Posted by Kristin Graham Koehler and Kaitlyn Findley
On February 25, the Wall Street Journal (“WSJ”) reported that the SEC recently sent nonpublic letters to several companies asking them to disclose all confidentiality agreements, nondisclosure agreements, severance agreements, settlement agreements, any documents that “refer or relate to whistleblowing,” and a list of terminated employees since the Dodd-Frank Wall Street Reform and Consumer Protection Act (“Dodd-Frank”) went into effect.
SEC officials and “pro-whistleblower” stakeholders have expressed concern that clauses in these agreements undermine the efficacy of the agency’s whistleblower program by limiting employees’ ability to report a company’s potential wrongdoing or other securities-law violations to the SEC. For example, Congressional democrats recently have alleged that defense contractor KBR Inc. used such nondisclosure agreements to prohibit employees from reporting suspected violations to the government without first obtaining approval from KBR Inc.’s General Counsel — an allegation KBR denies. In addition, some agreements require employees to forego any share of settlement amounts obtained as the result of the employee’s tip, thereby eliminating the financial incentive to participate in the SEC whistleblower program.

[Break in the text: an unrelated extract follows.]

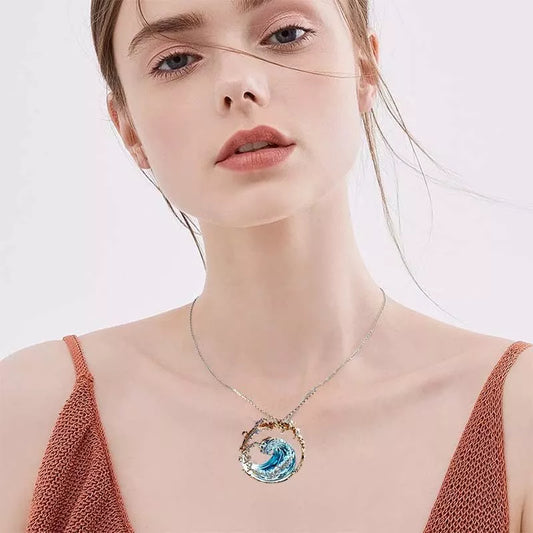 Ocean Theme Adjustable HAILANG Necklace with copper pendant and adjustable chain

The agency’s whistleblower program was created after passage of Dodd-Frank in 2010, which prohibits companies from interfering with employees’ reporting of potential securities-law violations to the SEC. Whistleblowers that participate in the program can recover 10% to 30% of the penalties collected if their information leads to an enforcement action with sanctions of more than $1 million. In 2014, the SEC received 3,620 tips regarding potential securities-law violations, which marks a 21% increase since 2012. Despite this steady increase in tips, SEC officials, including SEC Chairman Mary Jo White, remain concerned about companies’ treatment of internal whistleblowers and consider the issue a “high priority” action item for the agency.